10 RULES FOR SAFE OUTDOOR PLAY THIS WINTER
- Use Sunscreen – Protecting kids’ skin from the damaging rays of the sun is a major priority for most parents and caregivers during the summer months, but one that often falls to the wayside when temperatures cool down. In fact, the reflection of the sun off of snow and ice can be almost as damaging as direct exposure. Make sure that your youngsters are slathered with sunscreen before they hit the outdoors.
- Waterproof Clothing is Key – Keeping kids warm during the winter chill relies heavily upon your ability to keep them dry. Melting ice and snow can leave most fabrics wet, soggy and very cold. Make sure that you invest in some waterproof or water-resistant clothing and shoes, especially proper boots.
- Know the Signs of Frostbite – Frostbite occurs when your child’s skin or extremities are literally frozen. The nose, ears, fingers, cheeks and toes are most commonly affected, and it can be quite dangerous when these extremities suffer from frostbite. Signs of superficial frostbite include itching, numbness, tingling or burning sensations. The affected skin may become white, flushed, yellow or blue and appear frozen, and will be cold to the touch.
- Dress for Success – Just because your kids are bundled against the cold doesn’t necessarily mean that they’re wearing safe clothing. Hoods and hats don’t take the place of helmets for activities like biking or skating, while tight clothing that restricts movement can present a danger as it inhibits kids’ ability to move and balance properly. Be sure that your brood is dressed appropriately for outdoor play, not just for cold temperatures.
- Insist on Warm-Up Breaks – When kids are enjoying themselves and are particularly absorbed in an activity, it’s easy for them to lose track of time. That’s why it’s important for you to insist on periodic warm-up breaks to check for signs of hypothermia or frostbite and ensure that they don’t get too cold.
- Keep Ice Skating Safe – Ice skating is a beloved, time-honored cold-weather outdoor activity. It can also be quite dangerous, though. Public areas designated for ice skating are far safer than ponds or bodies of water on your own property, which may not be thoroughly frozen and could crack under kids’ weight. Be sure that any ice your children are going to skate on is frozen solid, and that they’re wearing the right protective gear.
- Smart Sledding – Racing down a snow-covered hill on a sled is one of life’s great thrills, even for adults. Kids love sledding, but it’s important that they understand the basic safety rules before setting out. Sledding down hills that terminate near a road, down paths that have obstacles like jumps, rocks or bumps, or down icy slopes are all sledding safety no-nos. Kids should also never be pulled on sleds behind moving vehicles of any kind.
- Don’t Forget About Dehydration – Dehydration isn’t a concern reserved solely for warm-weather months. While your children are enjoying a session of outdoor play, be sure that they’re taking in plenty of fluids.

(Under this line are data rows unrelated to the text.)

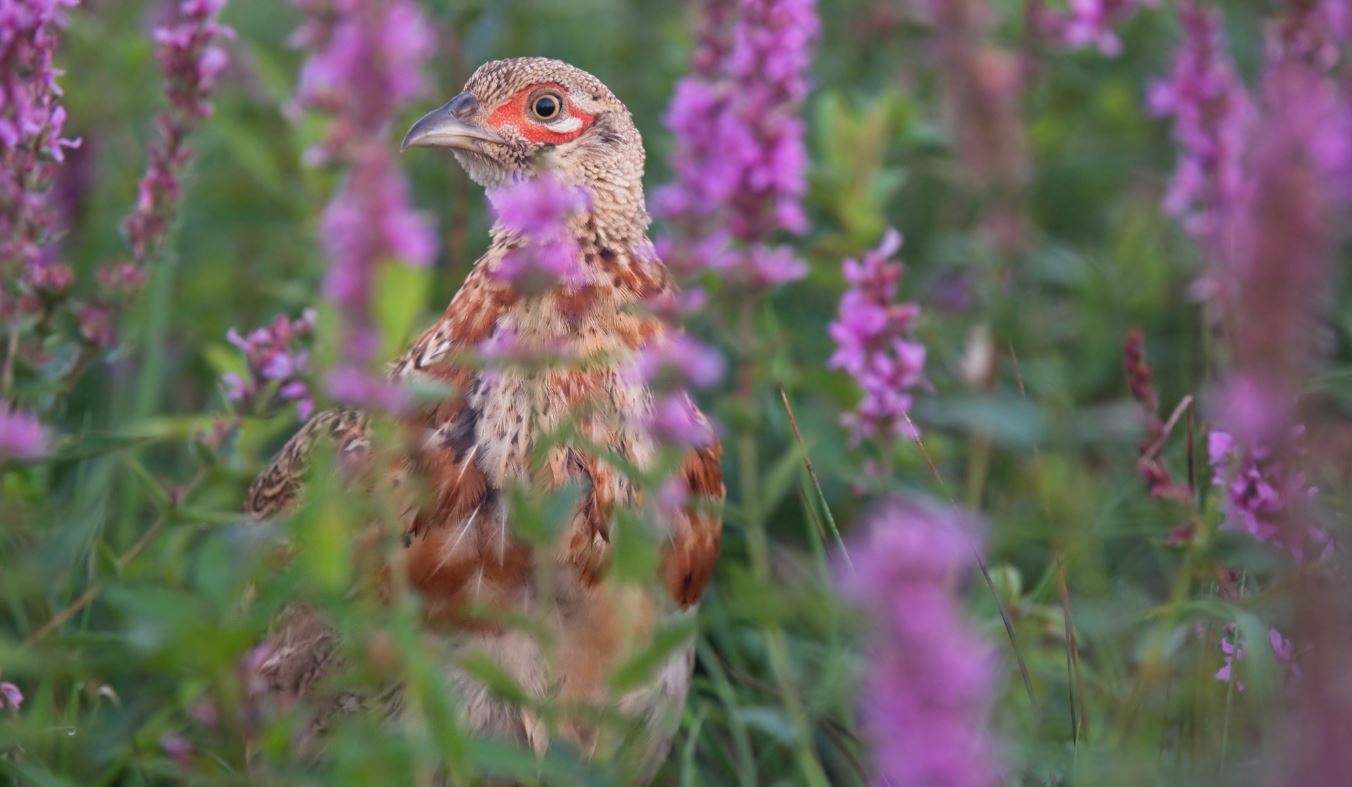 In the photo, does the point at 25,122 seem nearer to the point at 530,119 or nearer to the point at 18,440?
the point at 18,440

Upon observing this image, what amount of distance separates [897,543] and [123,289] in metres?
2.26

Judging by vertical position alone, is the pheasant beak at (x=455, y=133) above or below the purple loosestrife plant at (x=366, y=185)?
below

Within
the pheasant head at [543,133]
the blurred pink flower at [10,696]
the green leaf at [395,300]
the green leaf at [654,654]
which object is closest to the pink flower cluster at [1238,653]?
the green leaf at [654,654]

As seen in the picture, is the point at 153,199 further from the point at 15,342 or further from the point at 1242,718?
the point at 1242,718

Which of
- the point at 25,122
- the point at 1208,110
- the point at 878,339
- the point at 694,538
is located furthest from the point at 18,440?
the point at 1208,110

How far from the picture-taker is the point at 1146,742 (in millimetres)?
2531

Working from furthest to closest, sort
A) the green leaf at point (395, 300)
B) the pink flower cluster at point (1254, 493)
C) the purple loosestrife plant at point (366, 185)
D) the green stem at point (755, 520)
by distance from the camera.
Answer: the green stem at point (755, 520), the pink flower cluster at point (1254, 493), the green leaf at point (395, 300), the purple loosestrife plant at point (366, 185)

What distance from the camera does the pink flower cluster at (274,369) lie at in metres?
3.06

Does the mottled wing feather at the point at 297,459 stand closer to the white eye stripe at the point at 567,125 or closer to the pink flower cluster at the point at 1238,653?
the white eye stripe at the point at 567,125

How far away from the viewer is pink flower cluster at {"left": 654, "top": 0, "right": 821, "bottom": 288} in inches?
103

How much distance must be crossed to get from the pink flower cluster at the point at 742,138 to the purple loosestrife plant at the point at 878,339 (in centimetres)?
12

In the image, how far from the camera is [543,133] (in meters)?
3.25

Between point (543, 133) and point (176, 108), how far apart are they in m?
0.66

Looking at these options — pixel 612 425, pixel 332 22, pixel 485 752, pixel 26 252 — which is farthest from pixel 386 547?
pixel 332 22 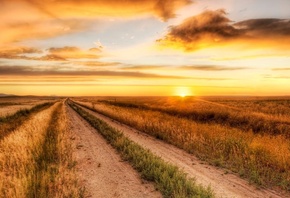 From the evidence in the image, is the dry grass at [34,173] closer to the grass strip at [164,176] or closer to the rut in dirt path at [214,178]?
the grass strip at [164,176]

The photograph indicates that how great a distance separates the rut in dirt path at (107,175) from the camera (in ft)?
28.5

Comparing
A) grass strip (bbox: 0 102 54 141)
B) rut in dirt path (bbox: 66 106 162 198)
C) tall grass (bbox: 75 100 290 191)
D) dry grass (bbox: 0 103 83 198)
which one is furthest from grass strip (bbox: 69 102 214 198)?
grass strip (bbox: 0 102 54 141)

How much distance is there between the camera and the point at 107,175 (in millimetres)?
10445

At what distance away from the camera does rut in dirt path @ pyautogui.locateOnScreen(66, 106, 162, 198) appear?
28.5 feet

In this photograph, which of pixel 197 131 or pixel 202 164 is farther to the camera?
pixel 197 131

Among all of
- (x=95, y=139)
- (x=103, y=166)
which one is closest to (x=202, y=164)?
(x=103, y=166)

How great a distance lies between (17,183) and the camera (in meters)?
8.47

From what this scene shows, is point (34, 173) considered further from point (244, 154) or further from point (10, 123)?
point (10, 123)

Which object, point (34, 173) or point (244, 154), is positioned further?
point (244, 154)

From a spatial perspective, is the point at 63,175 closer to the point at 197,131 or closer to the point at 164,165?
the point at 164,165

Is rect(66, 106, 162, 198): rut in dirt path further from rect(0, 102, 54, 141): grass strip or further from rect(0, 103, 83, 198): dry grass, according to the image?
rect(0, 102, 54, 141): grass strip

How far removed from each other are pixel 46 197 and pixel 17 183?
1.38 meters

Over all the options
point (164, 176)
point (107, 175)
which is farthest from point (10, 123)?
point (164, 176)

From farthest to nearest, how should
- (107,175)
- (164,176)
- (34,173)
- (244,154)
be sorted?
(244,154) < (107,175) < (34,173) < (164,176) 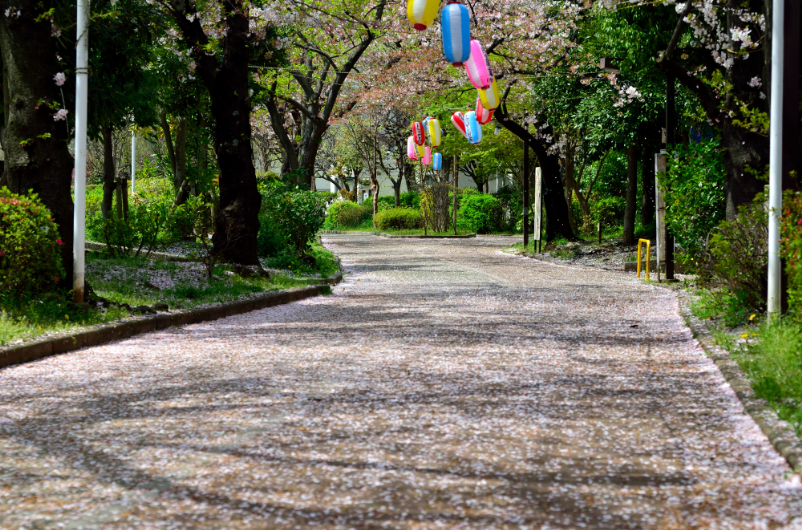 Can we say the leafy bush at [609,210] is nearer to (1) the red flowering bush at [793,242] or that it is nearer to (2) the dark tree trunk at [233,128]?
(2) the dark tree trunk at [233,128]

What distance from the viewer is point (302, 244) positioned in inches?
794

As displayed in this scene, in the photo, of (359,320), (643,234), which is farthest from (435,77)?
(359,320)

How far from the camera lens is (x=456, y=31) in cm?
1428

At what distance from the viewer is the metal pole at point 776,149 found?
8.09 meters

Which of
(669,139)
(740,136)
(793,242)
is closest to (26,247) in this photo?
(793,242)

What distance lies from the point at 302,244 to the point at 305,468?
1597cm

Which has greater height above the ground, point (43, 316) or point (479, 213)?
point (479, 213)

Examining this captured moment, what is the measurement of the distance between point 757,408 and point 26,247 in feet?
24.0

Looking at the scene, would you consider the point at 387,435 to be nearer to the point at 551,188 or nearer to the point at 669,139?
the point at 669,139

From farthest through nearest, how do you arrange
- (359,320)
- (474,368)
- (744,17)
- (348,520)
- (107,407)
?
(359,320), (744,17), (474,368), (107,407), (348,520)

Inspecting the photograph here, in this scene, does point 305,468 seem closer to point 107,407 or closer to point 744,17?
point 107,407

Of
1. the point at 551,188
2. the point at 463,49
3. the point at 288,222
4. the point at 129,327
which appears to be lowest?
the point at 129,327

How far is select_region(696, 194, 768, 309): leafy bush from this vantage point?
9.07 meters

- Scarf Safety – Scarves are useful tools for protecting against the cold, as they can be wrapped around almost any part of the body that feels cold. However, they can also become ensnared in moving parts of toys or overhanging branches, closed in doors, or otherwise tangled in a manner that presents a strangulation risk. It’s better to opt for cowl-style scarves until kids are a bit older and less rambunctious.
- Double-Check Equipment – Making sure that any equipment for outdoor play, whether new or old, is in good condition, fits properly and is otherwise suitable for use before sending kids outside with it. Damaged or broken equipment can very easily cause injuries, especially if kids are using them improperly to compensate for the damage.
While outdoor play is important and can help to stave off cold-weather ailments, like the flu or the common cold, it’s important to understand that there are times when it’s simply too cold for your brood to safely be outside. Extreme temperatures can be very dangerous, causing a child’s body to lose heat faster than it can be generated. The end result is hypothermia, which can be life-threatening.